== Information given ==

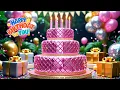 Download Lagu 🎂 HAPPY BIRTHDAY Song 2025 Remix Countdown 🎶 #BirthdayRemix #BirthdayCountdown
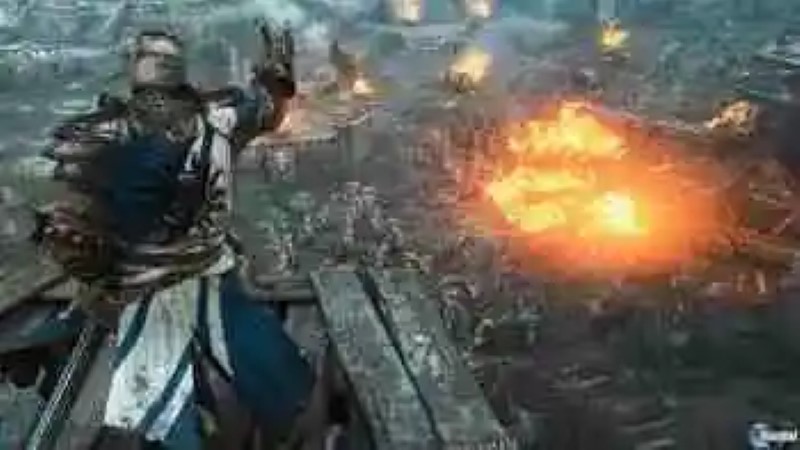 Ubisoft introduces us to the customization options For Honor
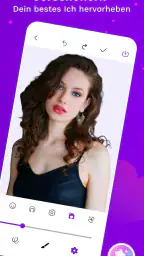 Tigo-Live Video Chat und mehr screenshot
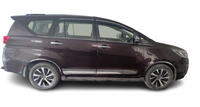 Used Toyota Innova Crysta 2.4 Z 2021 — Delhi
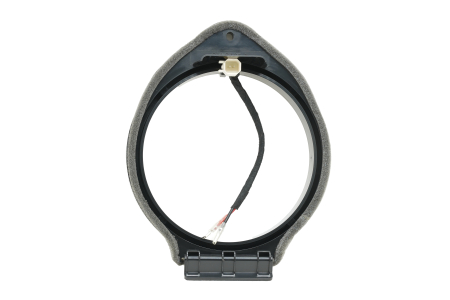 Inele adaptoare AutoHiFi SR65OP pentru Opel si Chevrolet 165mm [2]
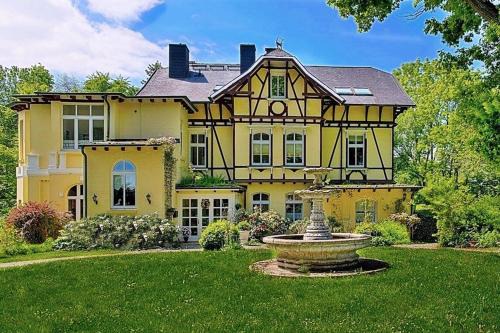 Ponitz am See Apartamento | Waldhaus Gronenberg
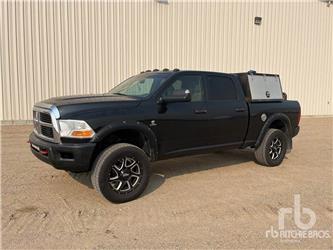 Dodge 2500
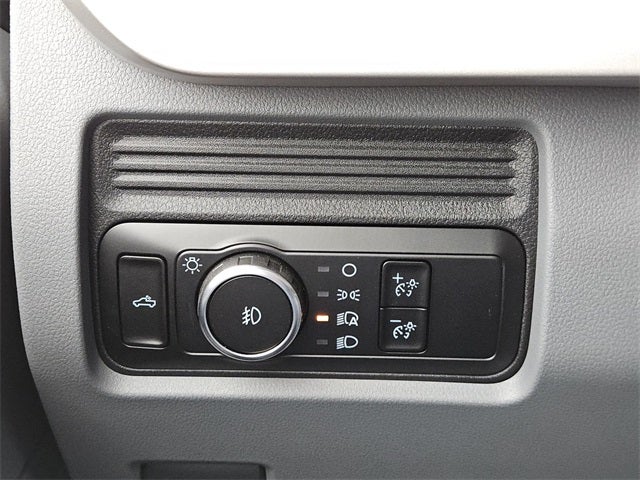 2026 Ford F-250SD XL STX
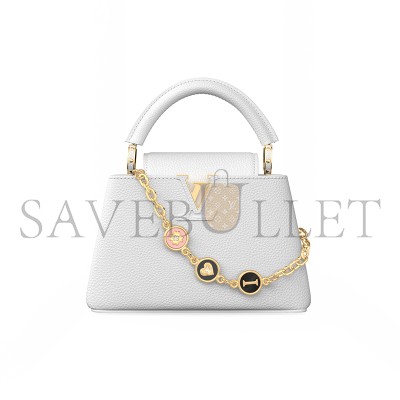 LOUIS VUITTON MY CAPUCINES K00014 03 (23.5*14*8cm)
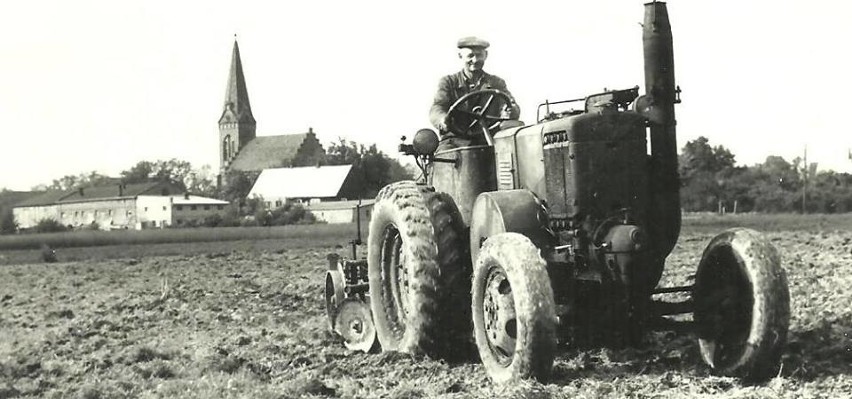 Złotoria koło Torunia sprzed lat. Zobacz koniecznie [zdjęcia]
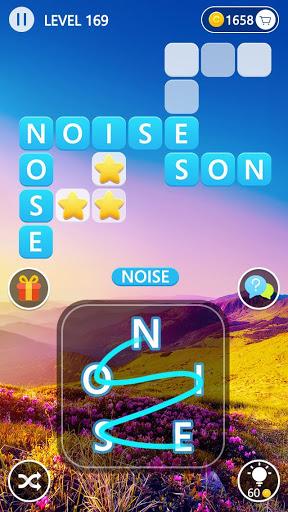 Word Across - عکس بازی موبایلی اندروید
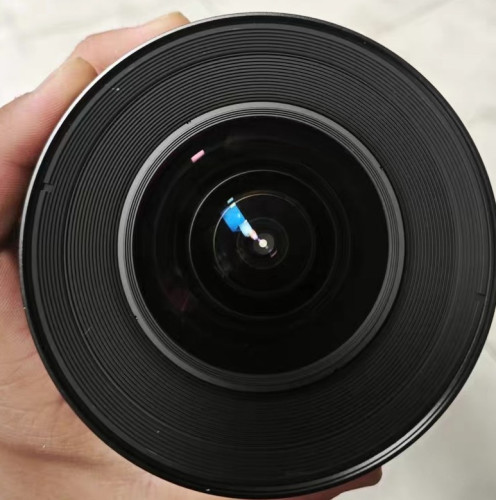 zeiss CP3 compact prime cine lens 5 piece:15/25/35/50/85 - image #8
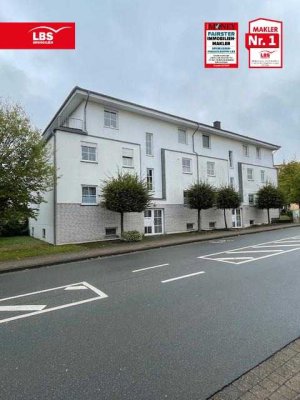 Osterholz-Scharmbeck! Hinreißende Stadtwohnung in exzellenter Lage!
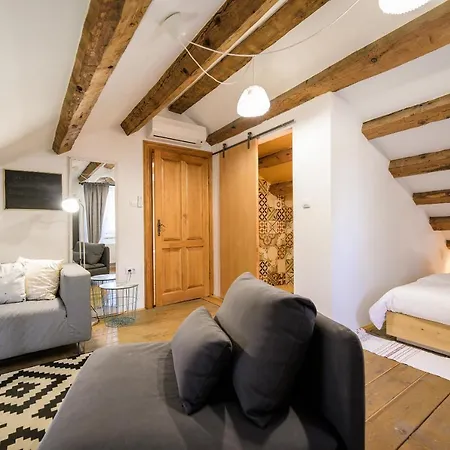 Bed & Breakfast Boutique Mali Pariz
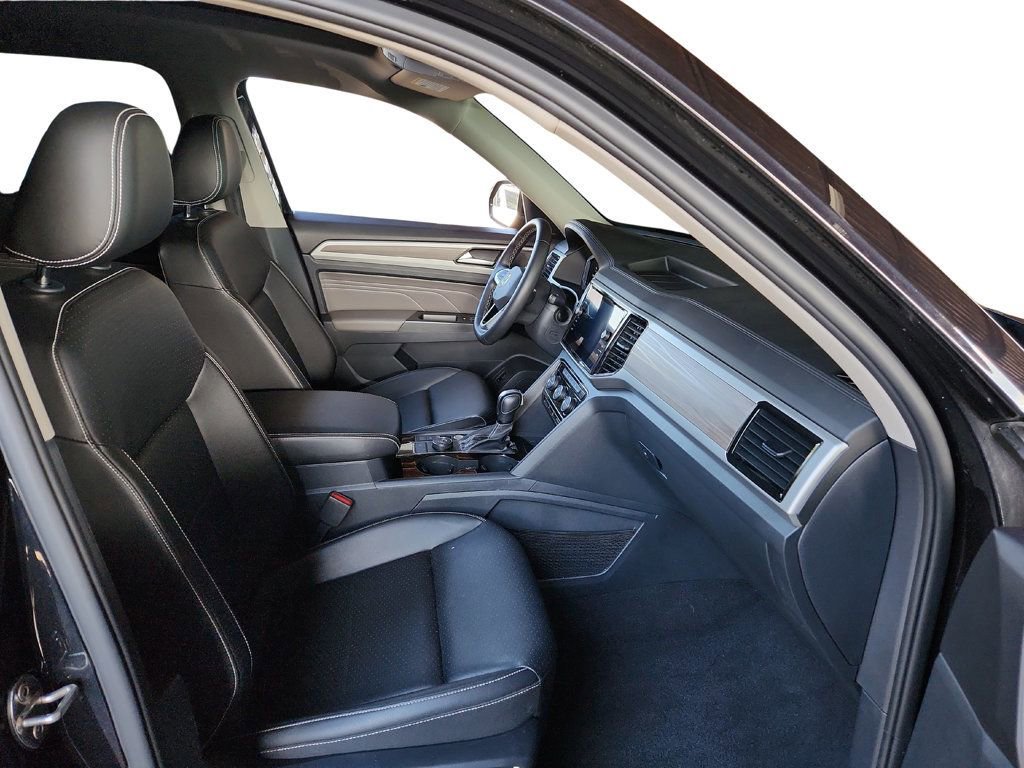 Used 2023 Volkswagen Atlas SEL image 25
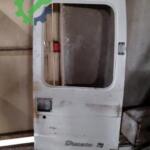 FIAT DUCATO 2005 ÇIKMA BAGAJ KAPAĞI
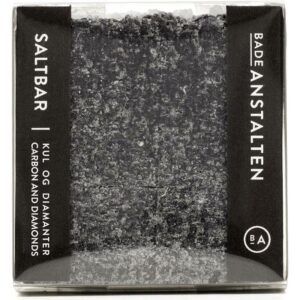 Badeanstalten Saltbar Kul Og Diamanter 75 gr.
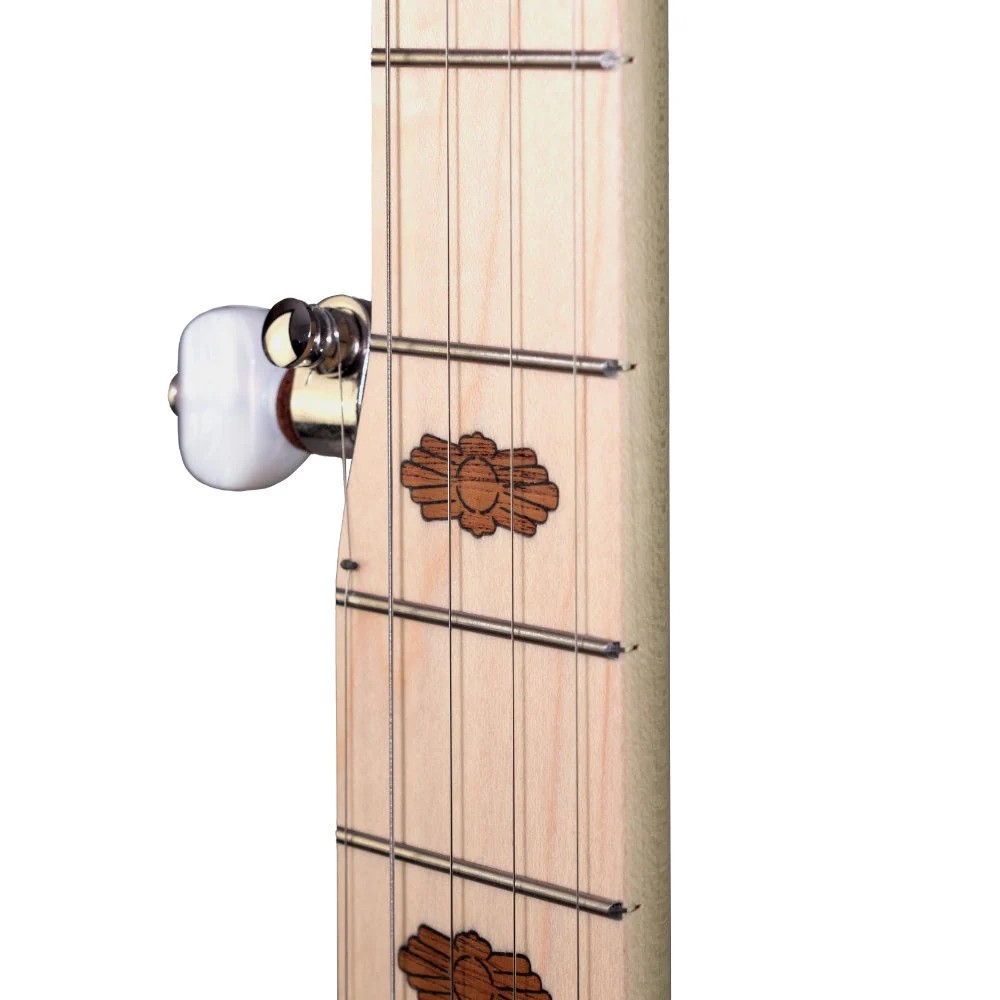 Deering Goodtime 5-String Openback Banjo - Most Recommended Beginner Banjo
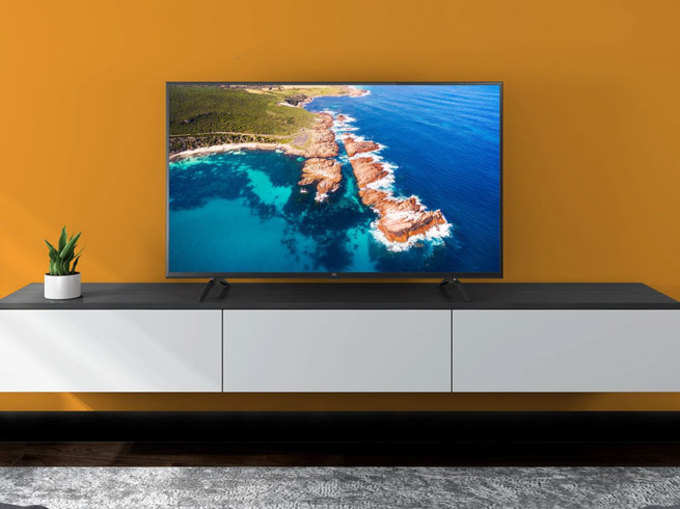 Mi LED TV 4C Pro पर ₹2500 का डिस्काउंट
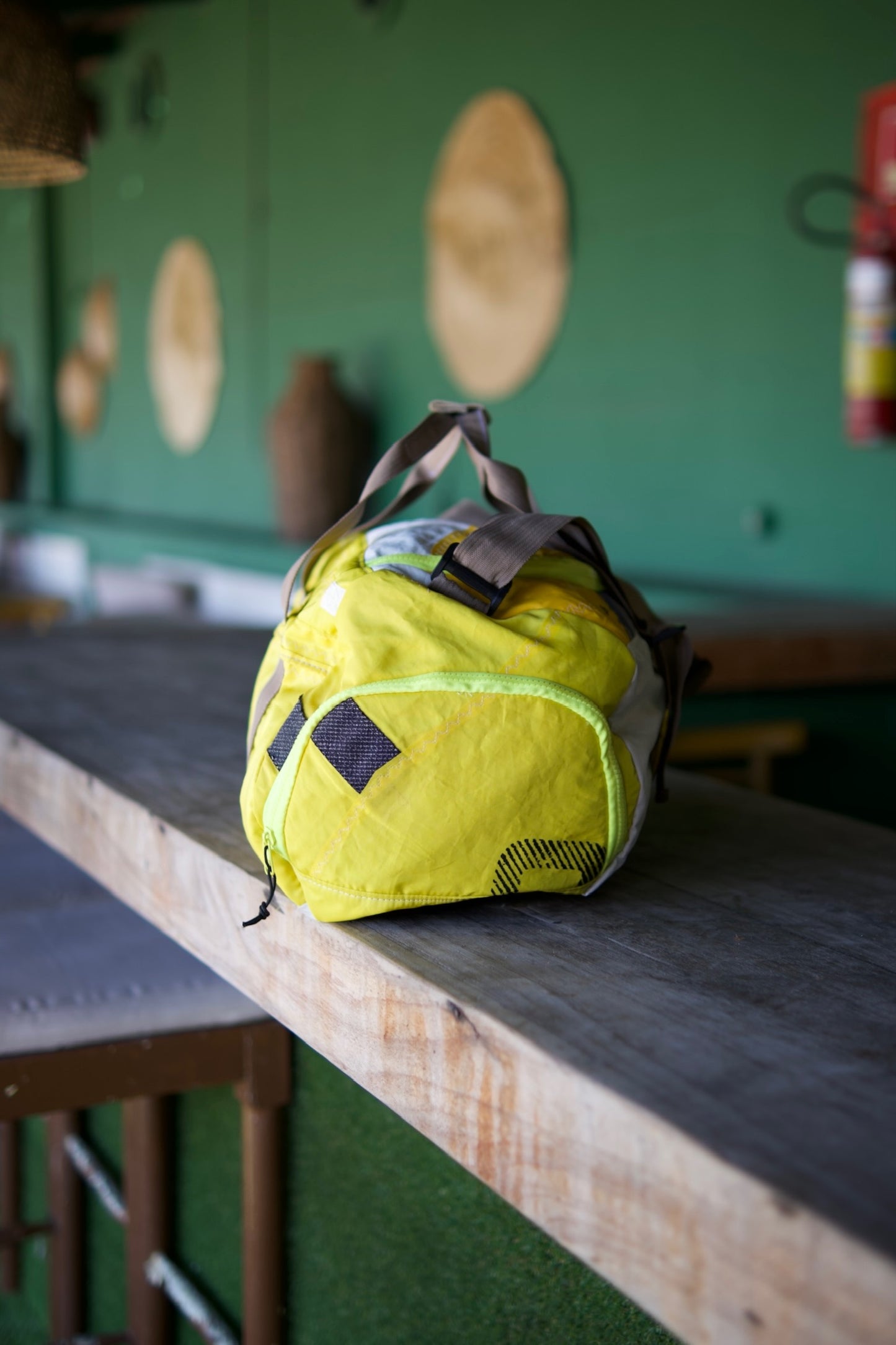 iFly bag 18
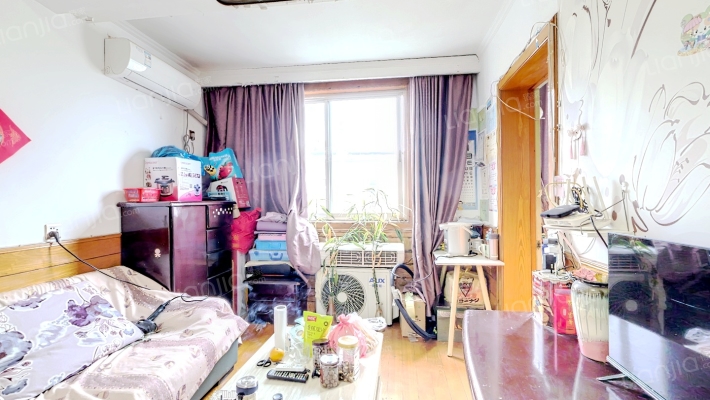 东张家弄二手房实景图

===

-- Task description --
Where pictures appear, drop them, and reproduce exactly only the lines running from the beginning of the data to the line that contains "Used Toyota Innova Crysta 2.4 Z 2021 — Delhi", inclusive.

-- Completed exercise --
 Download Lagu 🎂 HAPPY BIRTHDAY Song 2025 Remix Countdown 🎶 #BirthdayRemix #BirthdayCountdown
 Ubisoft introduces us to the customization options For Honor
 Tigo-Live Video Chat und mehr screenshot
 Used Toyota Innova Crysta 2.4 Z 2021 — Delhi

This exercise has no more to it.